Stencil Computations on Tenstorrent Wormhole
For HPC practitioners evaluating AI accelerators for traditional scientific kernels, this work provides an early assessment of Tenstorrent Wormhole's capabilities and identifies bottlenecks.
The paper investigates mapping 2D 5-point stencil computations onto the Tenstorrent Wormhole AI accelerator, finding that while the CPU baseline is 3x faster end-to-end, the isolated Wormhole kernel is competitive with CPU execution, and Axpy achieves lower energy consumption for large inputs.

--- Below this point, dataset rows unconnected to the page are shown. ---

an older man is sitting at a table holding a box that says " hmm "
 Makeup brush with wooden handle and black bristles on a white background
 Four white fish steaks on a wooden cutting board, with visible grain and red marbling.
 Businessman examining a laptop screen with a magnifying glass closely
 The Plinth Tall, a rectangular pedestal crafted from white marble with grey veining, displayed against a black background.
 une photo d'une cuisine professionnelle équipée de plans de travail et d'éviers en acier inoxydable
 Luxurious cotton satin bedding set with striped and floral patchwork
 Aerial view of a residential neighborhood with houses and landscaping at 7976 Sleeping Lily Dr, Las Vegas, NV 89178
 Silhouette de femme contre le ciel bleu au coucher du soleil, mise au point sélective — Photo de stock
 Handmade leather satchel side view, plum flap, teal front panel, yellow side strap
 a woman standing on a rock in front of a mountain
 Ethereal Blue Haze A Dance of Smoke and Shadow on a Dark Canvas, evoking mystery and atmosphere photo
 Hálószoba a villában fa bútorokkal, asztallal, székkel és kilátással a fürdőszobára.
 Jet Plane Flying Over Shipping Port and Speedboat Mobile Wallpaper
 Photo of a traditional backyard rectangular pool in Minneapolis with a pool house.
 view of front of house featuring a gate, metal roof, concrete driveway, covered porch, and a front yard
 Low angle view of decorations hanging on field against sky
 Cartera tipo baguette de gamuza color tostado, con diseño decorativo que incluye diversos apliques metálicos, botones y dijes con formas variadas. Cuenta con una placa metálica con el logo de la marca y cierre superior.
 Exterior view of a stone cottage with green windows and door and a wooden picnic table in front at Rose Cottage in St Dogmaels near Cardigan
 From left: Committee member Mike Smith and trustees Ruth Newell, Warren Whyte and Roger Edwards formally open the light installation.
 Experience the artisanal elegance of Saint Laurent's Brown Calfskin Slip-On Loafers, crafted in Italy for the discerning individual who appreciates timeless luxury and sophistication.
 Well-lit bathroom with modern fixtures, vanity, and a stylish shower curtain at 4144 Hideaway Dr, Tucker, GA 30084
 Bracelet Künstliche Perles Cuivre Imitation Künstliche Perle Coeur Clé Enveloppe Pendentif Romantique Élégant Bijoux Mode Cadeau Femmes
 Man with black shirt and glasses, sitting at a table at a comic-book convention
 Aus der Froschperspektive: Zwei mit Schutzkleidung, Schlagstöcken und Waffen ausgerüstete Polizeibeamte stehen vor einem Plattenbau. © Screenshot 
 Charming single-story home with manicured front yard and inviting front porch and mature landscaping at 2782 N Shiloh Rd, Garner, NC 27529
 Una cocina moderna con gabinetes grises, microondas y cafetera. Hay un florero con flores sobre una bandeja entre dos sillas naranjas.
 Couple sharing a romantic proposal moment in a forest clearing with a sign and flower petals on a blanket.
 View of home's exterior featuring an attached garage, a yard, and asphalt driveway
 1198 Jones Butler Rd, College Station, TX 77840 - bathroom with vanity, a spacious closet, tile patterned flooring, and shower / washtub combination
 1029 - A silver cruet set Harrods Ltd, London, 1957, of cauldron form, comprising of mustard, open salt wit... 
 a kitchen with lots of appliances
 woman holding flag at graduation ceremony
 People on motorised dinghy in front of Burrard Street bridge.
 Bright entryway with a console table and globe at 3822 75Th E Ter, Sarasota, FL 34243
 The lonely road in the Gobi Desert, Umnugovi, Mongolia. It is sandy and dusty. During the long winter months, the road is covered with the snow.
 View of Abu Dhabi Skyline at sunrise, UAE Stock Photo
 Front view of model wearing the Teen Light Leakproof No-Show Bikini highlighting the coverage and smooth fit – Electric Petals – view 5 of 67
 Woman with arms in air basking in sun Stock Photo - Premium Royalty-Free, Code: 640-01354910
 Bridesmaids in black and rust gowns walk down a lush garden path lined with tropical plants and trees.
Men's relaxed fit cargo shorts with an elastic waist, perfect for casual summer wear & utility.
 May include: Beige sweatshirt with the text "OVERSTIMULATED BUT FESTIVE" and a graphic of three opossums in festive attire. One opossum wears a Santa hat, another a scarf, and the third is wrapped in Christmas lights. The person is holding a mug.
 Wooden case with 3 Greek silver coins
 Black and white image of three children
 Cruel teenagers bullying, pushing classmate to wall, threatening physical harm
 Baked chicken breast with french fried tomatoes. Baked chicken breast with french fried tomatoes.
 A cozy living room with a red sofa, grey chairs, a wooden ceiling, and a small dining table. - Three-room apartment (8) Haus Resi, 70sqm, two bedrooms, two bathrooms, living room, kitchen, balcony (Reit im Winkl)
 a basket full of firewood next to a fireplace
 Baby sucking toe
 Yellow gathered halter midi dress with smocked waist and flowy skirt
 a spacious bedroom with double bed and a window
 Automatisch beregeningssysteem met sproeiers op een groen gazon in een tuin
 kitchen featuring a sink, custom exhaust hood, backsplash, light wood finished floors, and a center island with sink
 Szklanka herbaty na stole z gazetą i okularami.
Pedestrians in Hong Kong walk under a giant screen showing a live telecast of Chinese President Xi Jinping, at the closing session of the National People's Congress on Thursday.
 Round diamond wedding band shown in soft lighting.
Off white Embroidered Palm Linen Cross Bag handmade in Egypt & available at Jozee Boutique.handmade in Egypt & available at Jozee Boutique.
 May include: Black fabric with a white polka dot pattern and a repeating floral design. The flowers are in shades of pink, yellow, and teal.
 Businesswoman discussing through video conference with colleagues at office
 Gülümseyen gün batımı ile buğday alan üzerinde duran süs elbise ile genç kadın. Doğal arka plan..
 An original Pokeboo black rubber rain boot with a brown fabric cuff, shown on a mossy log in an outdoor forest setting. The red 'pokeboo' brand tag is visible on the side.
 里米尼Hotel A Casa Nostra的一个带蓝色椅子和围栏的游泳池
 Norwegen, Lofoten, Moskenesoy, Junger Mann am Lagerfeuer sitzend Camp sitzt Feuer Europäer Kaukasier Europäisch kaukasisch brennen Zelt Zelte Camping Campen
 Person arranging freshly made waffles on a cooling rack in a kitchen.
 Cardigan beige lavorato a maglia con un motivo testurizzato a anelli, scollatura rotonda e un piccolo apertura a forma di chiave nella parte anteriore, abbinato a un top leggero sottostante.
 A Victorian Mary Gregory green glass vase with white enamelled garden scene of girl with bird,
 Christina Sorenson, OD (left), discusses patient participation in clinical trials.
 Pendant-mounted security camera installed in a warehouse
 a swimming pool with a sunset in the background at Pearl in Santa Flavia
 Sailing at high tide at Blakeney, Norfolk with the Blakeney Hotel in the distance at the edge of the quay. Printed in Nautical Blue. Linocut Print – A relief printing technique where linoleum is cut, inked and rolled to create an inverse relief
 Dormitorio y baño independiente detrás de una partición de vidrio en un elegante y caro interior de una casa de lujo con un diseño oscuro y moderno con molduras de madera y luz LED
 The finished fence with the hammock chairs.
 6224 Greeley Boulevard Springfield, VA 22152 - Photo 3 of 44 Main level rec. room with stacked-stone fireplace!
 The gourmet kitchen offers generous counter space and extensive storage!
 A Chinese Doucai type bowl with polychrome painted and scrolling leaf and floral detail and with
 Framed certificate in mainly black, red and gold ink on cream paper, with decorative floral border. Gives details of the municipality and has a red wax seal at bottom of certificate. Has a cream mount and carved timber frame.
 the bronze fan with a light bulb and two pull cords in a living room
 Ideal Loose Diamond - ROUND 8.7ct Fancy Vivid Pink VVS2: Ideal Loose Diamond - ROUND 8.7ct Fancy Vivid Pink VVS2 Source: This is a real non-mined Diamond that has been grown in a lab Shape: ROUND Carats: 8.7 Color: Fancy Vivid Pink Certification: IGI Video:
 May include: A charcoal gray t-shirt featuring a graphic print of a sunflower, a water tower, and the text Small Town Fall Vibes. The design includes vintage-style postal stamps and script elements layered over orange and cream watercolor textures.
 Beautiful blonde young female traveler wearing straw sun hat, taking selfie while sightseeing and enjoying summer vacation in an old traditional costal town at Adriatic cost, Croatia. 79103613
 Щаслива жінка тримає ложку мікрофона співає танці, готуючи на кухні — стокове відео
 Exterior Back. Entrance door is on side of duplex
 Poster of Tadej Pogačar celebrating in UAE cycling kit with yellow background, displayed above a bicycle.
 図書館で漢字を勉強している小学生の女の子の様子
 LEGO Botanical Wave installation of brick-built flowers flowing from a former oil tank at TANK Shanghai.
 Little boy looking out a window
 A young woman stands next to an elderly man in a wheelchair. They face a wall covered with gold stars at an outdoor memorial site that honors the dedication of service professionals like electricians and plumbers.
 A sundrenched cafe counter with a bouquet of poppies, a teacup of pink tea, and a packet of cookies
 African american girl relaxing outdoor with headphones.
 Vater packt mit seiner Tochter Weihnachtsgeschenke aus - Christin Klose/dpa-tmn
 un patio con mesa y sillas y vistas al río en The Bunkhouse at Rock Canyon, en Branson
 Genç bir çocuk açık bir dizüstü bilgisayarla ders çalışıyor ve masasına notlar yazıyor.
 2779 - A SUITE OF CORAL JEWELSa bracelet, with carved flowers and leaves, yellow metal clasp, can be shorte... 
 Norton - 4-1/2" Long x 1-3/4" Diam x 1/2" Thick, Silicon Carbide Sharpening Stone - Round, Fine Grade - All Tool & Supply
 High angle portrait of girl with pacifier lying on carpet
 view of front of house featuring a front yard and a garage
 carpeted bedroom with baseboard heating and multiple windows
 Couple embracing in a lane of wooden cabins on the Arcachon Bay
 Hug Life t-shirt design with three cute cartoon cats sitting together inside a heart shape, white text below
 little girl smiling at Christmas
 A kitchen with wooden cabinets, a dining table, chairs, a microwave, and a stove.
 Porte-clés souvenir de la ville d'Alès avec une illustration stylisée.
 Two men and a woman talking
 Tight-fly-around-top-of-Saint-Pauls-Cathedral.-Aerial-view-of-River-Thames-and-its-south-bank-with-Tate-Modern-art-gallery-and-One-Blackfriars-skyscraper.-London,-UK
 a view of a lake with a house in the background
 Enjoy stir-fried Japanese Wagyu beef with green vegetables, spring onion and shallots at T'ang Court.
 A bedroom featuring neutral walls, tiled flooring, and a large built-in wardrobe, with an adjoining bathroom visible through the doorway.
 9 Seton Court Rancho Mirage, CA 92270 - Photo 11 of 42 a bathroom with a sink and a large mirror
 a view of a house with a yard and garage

As investment in AI-focused accelerators grows and their deployment in supercomputing facilities expands, understanding whether these architectures can efficiently support traditional scientific kernels is critical for the future of High-Performance Computing. We investigate the mapping of 2D 5-point stencil computations onto the Tenstorrent Wormhole, a RISC-V AI dataflow accelerator. We develop two heterogeneous implementations: Axpy, which decomposes the stencil into element-wise submatrix operations, and MatMul, which reformulates it as a matrix multiplication. While the CPU baseline remains 3x faster end-to-end, profiling reveals that the isolated Wormhole kernel is competitive with CPU execution, with the gap driven by PCIe transfers, device initialization, and host-side preprocessing. Despite slower runtime, Axpy achieves lower energy consumption than the CPU baseline for large inputs. Through detailed profiling and theoretical analysis, we identify key architectural and software limitations of the current platform and outline concrete hardware and software directions that could make AI accelerators competitive for HPC workloads.